This happened about the time we moved here in 61. I knew both parties in the story. Thought y'all might like to read it MVB ES



(The following story originally appeared in the 10/20/04 issue of The New York Times. It has been reprinted here, and has not been altered in any way.)

Haunted by His Father's Murder at the Hands of a Racist

By CAROL POGASH
The New York Times
Wednesday, October 20, 2004

AN JOSE, Calif. - Amelia Ray was 22 when she sat in a darkened theater, watching her father, Carl Ray, perform his autobiographical one-man show, "A Killing in Choctaw." Only then did she discover that he had witnessed the murder of his father decades before, killed because Carl had refused to say "sir" to a white man.

After a scene in which Mr. Ray begs his dead father to rise and see him go to college, a friend who was at the theater that night in 1999 leaned over and whispered: "Did you know about this?'' Ms. Ray shook her head no. She didn't even think it was odd, she explained recently in an interview. "I guess I'd grown accustomed to the silence."

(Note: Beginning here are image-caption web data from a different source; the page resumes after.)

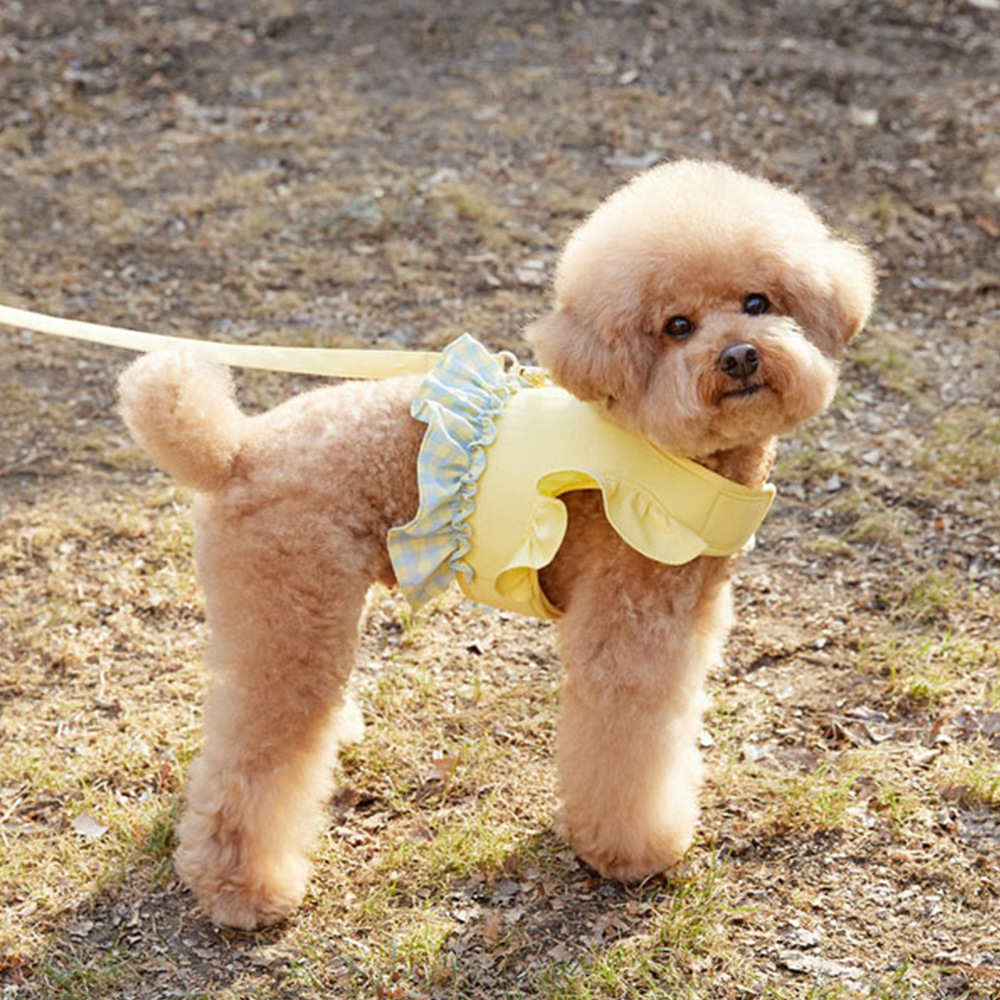 Dog Color Contrast Traction Ro - đánh giá và giá Lace Teddy Lingerie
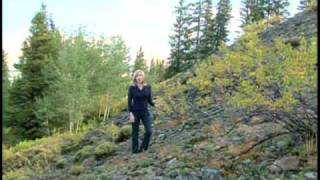 Peak Performance Wealth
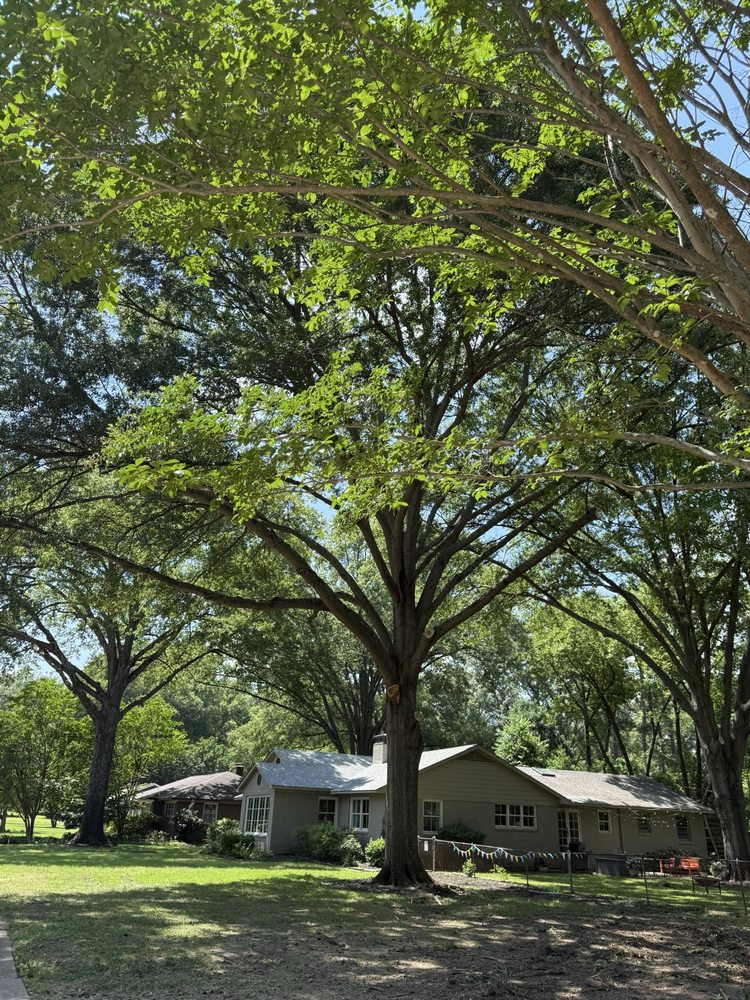 Vasquez Tree Service - tree service in Memphis, TN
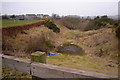 View of the Dismantled Railway leading to Forfar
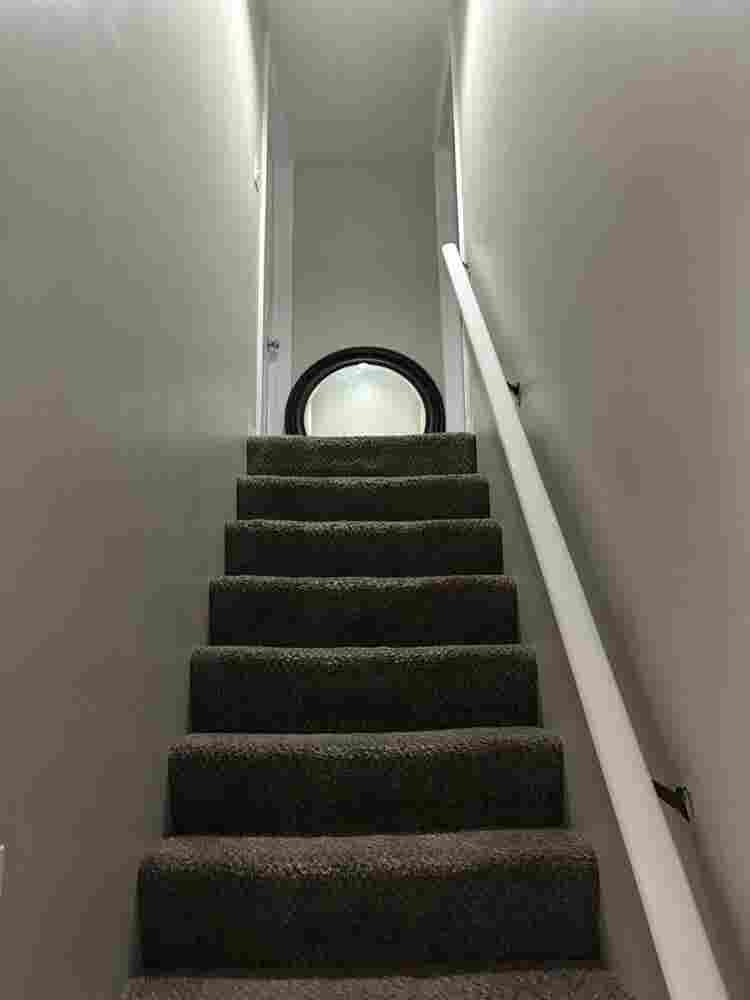 In need of a good reliable roommate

At first it was only on stage that Mr. Ray, now 60, could give voice to his experience. Recently that story has been made into a documentary by Chike C. Nwoffiah, a filmmaker and executive director of the Oriki Theater, a nonprofit community theater here in Silicon Valley. Called "A Killing in Choctaw: The Power of Forgiveness," after the Alabama county where Mr. Ray was born, the film had its premiere last month at the Montgomery Theater here. Explaining why he was moved to make the documentary, Mr. Nwoffiah said, "It's an important enough story that it needs to get out there."

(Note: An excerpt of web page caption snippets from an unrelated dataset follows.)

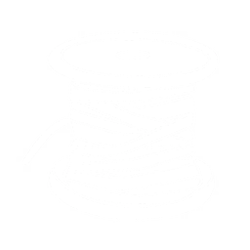 Wire Icon.png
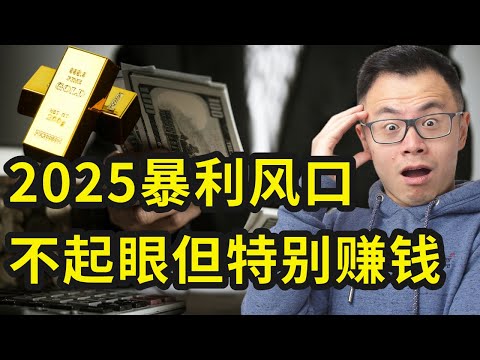 亲眼见到的真实案例，从负债到$$年入百万，普通人靠野路子翻身的海外创业真实案例，4个故事，4段人生，为你揭秘跨越阶层的创业机会和2025年的赚钱风口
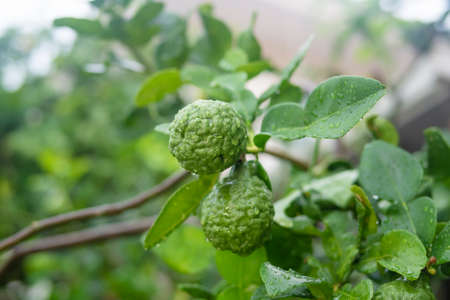Bergamot is growing in the rainy season.の写真素材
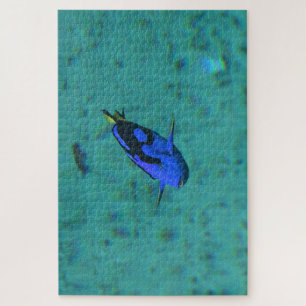 Puzzle Pescado tropical.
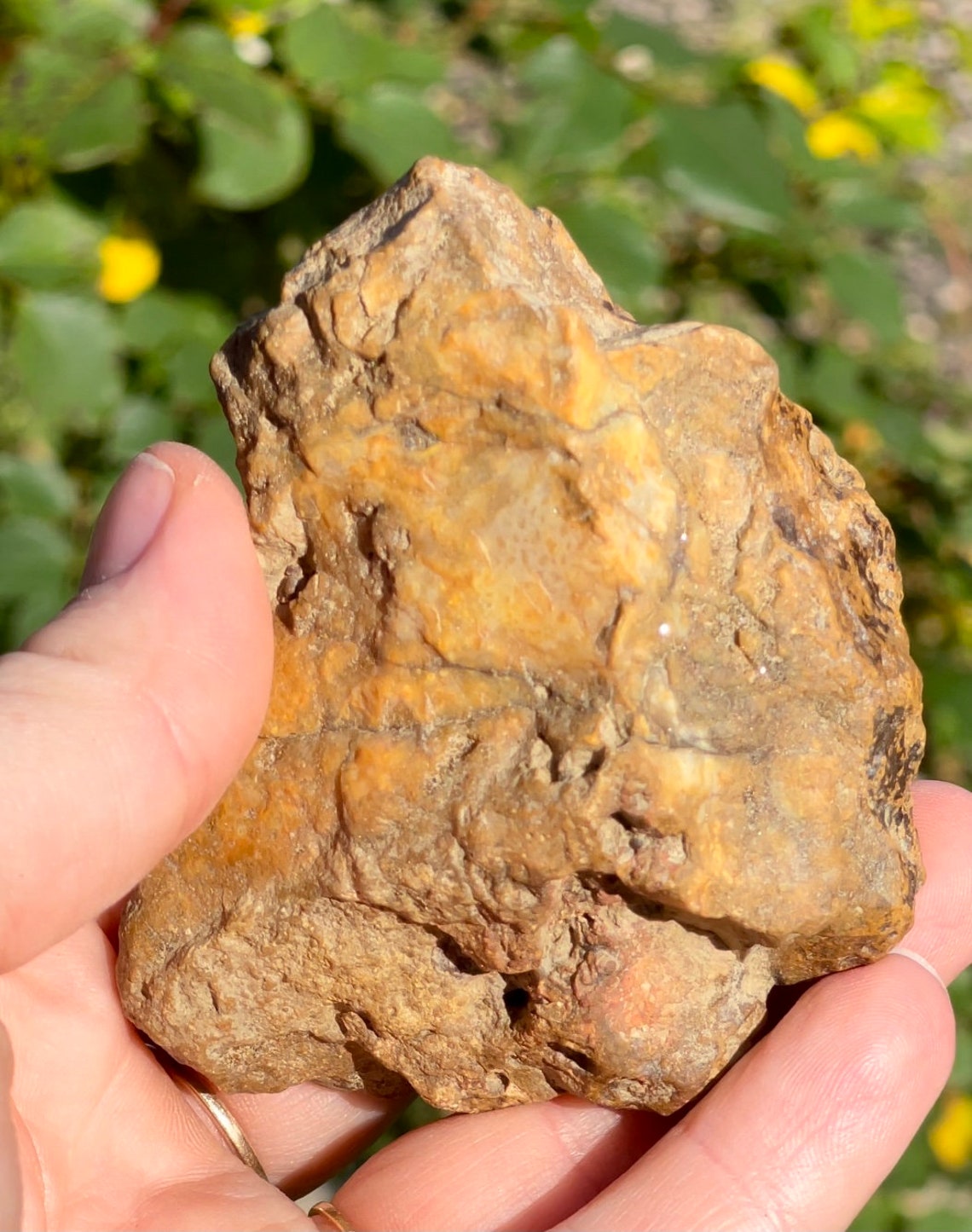 Agatized Coral Fossil Metaphysical Healing Crystal Etsy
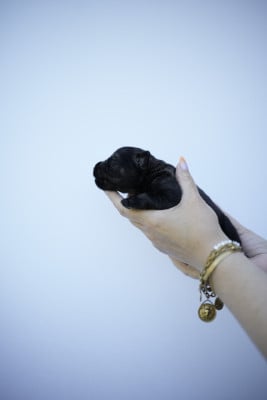 Les chiots de Schnauzer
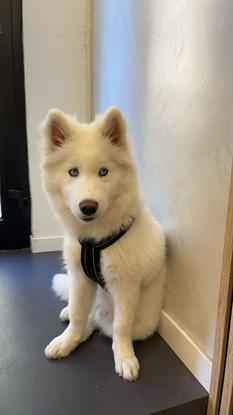 Chien de mon entourage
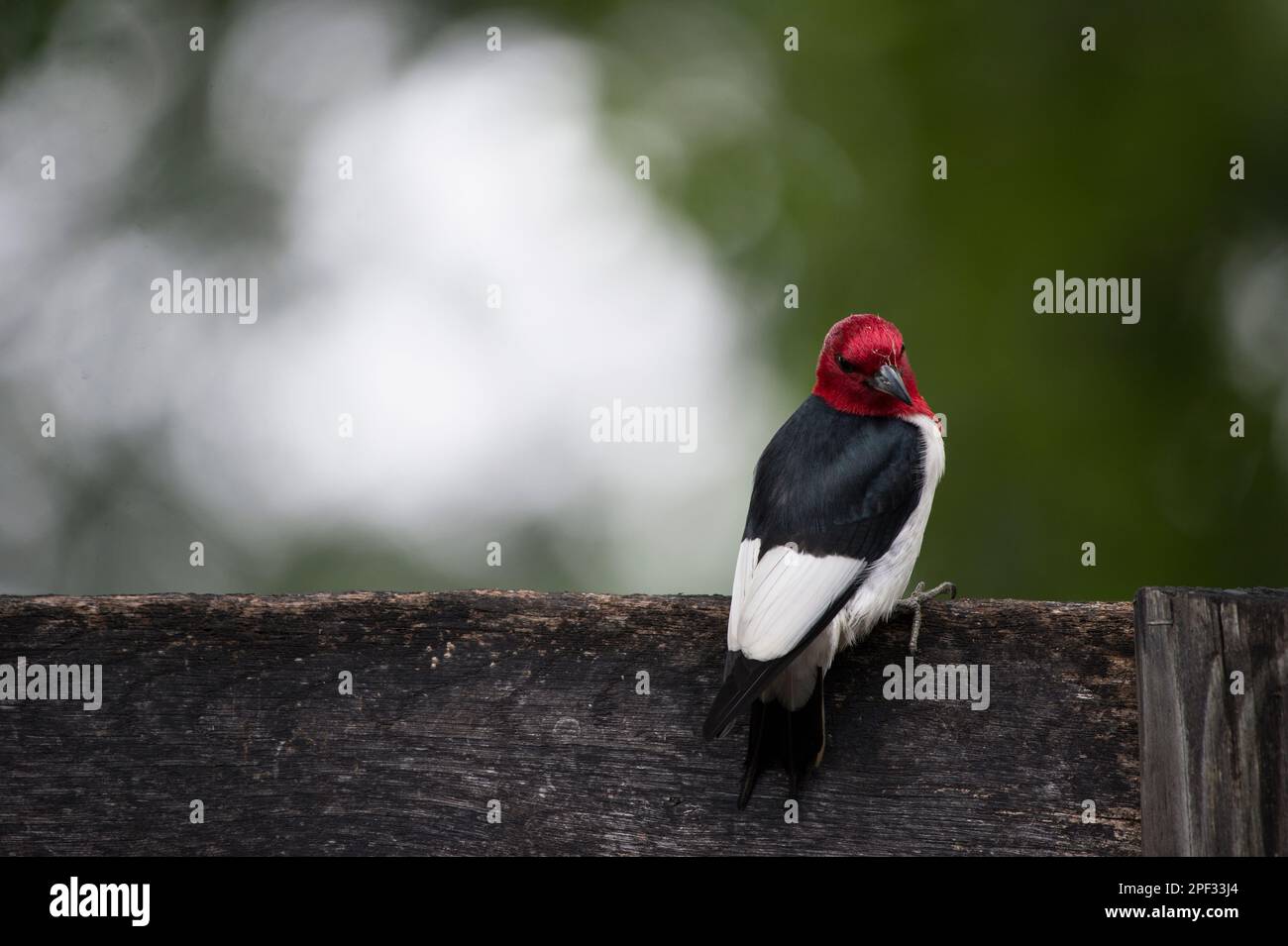 Stati Uniti - Giugno 10, 2019: Un raramente visto red-headed woodpecker feed da una recinzione lungo Foggy Bottom Road vicino al Bloomfield. L'uccello è un piccolo o Foto Stock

That story began in Butler, Ala., on Sept. 6, 1962, when Carl was 18 and preparing to leave for the Tuskegee Institute to major in engineering. With his bags packed, he and a cousin shot off firecrackers near his house. The echoing booms attracted their neighbor, Bill Carlisle, who pulled up in his pickup and blasted the boys with angry questions. After Carl replied with a series of yeses and nos, Mr. Carlisle asked if Carl didn't know that he should say "yes, sir" and "no, sir" to a white man.

"No," Carl said.

Mr. Carlisle knocked him to the ground and pulled out a knife. "I was looking straight in his eyes," Mr. Ray says in the film, remembering the moment. "Just before he plunged the knife in my throat, he stopped." Mr. Carlisle rose, Mr. Ray recalled, returned to his truck and drove away.

Carl went home, and with his father, George, waited. "I knew Bill was coming. My daddy knew Bill was coming," Mr. Ray says in the documentary.

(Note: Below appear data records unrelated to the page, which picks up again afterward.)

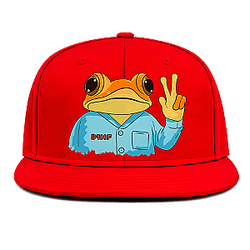 Peace Frog Snapback DTNK2507 Bad Bunny Caps
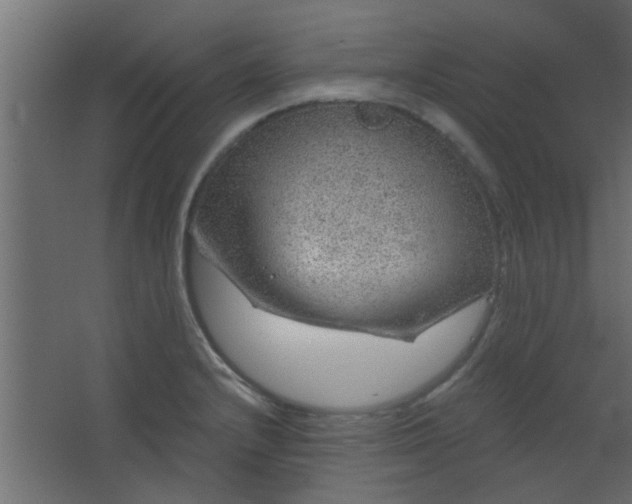 X0000067531232200604211835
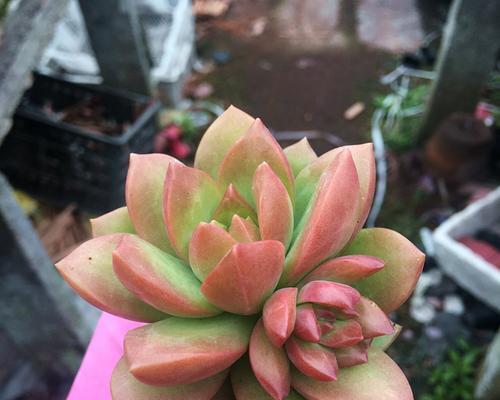 黄丽植物浇水技巧是什么？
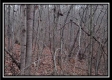 Tract 13 - Number 12 Hollow property photo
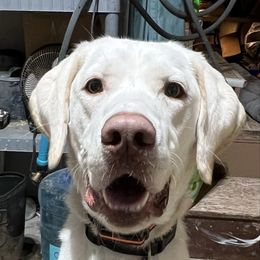 Labrador Retriever puppies from Willow run farm’s Labrador Retrievers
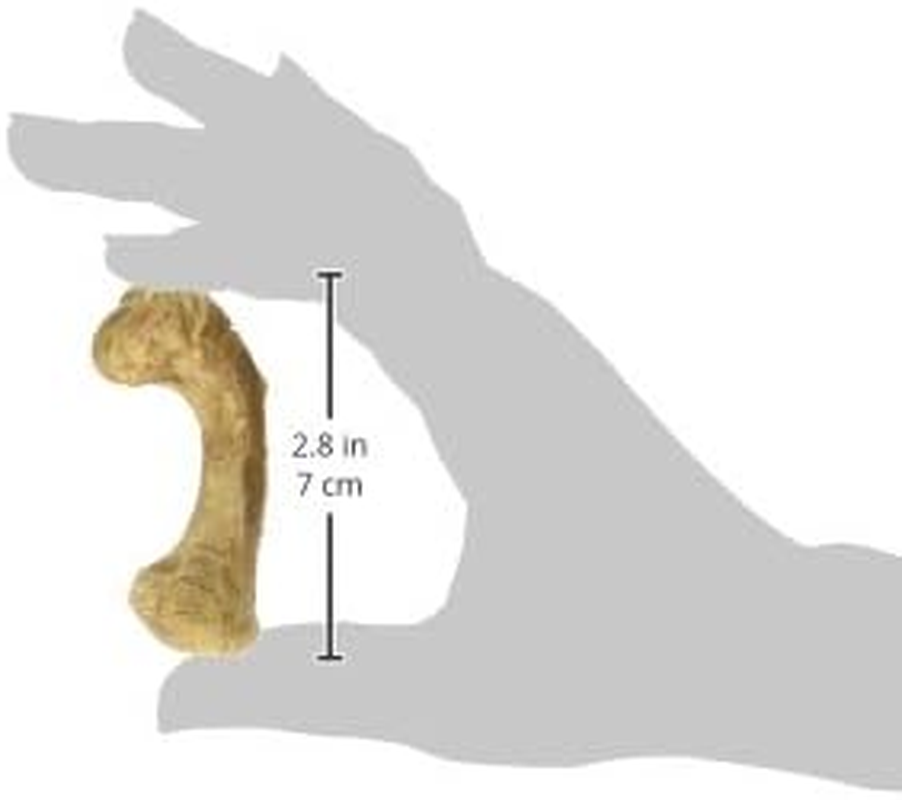 Nylabone Natural Healthy Edibles Wild Puppy Chew Treats with Real Turkey (Pack of 4) image number 3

George Ray moved his family next door to a relative's house, and then pushed the television set onto the porch. Father and son sat outside watching "Douglas Edwards With the News'' while they waited.

Carl Ray says he remembers the crunch of the truck tires as Mr. Carlisle arrived. After angry words and a scuffle, Mr. Carlisle cocked his .45 automatic.

In a segment of his show, which is part of the documentary, Carl Ray slowly re-enacts the events: "Each time the bullet hit, Daddy's body would flinch. The dust particles from his clothes began to float up and mix with the smoke from the gun barrel. Bill continued to fire. Pop! Pop! Pop! Pop! Daddy falls in slow motion. He takes his last breath."

"When I saw his body at the church," Mr. Ray says in the film, "reality set in. When they took him outside and put him in the ground, I began a nightmare that lasted a lifetime."

For the documentary Mr. Ray returned to the Alabama courthouse where Mr. Carlisle was tried.

"It was like a one-day circus come to town," Mr. Ray recalls as he sits on the witness stand retelling what happened some four decades earlier. Joe Thompson, Mr. Carlisle's defense attorney, accused Carl Ray of murdering his father. Mr. Ray impersonates Mr. Thompson: "You killed your daddy because you don't know how to talk to white people! If you knew how to talk to white people he would still be alive. Isn't that so?"

"No, sir," Mr. Ray said.

"**** uppity negra," Mr. Thompson said to the judge and jury.

At intervals Mr. Nwoffiah was so overcome that the camera trembles. "As a director," he said in an interview, "you wonder at what point do you stop? Mr. Ray always said: 'Keep going. We have to get through this.' ''

Mr. Ray recalled blacks sitting upstairs in the courthouse crying as if the trial were a funeral, while downstairs whites laughed. The jury found Mr. Carlisle guilty of first-degree manslaughter and sentenced him to nine years in prison. Although the state has no record of Mr. Carlisle's having served any time, Mr. Ray's oldest brother, Lindsey, and Mike Dale, a former Butler resident who knew the Carlisle family, said he had heard that Mr. Carlisle served less than a year.

Mr. Ray said that he has always felt responsible for his father's death, and worried that his siblings blamed him as well. He suffered from severe depression and nightmares. For years he told no one what had happened. He felt "a silent scream," he said.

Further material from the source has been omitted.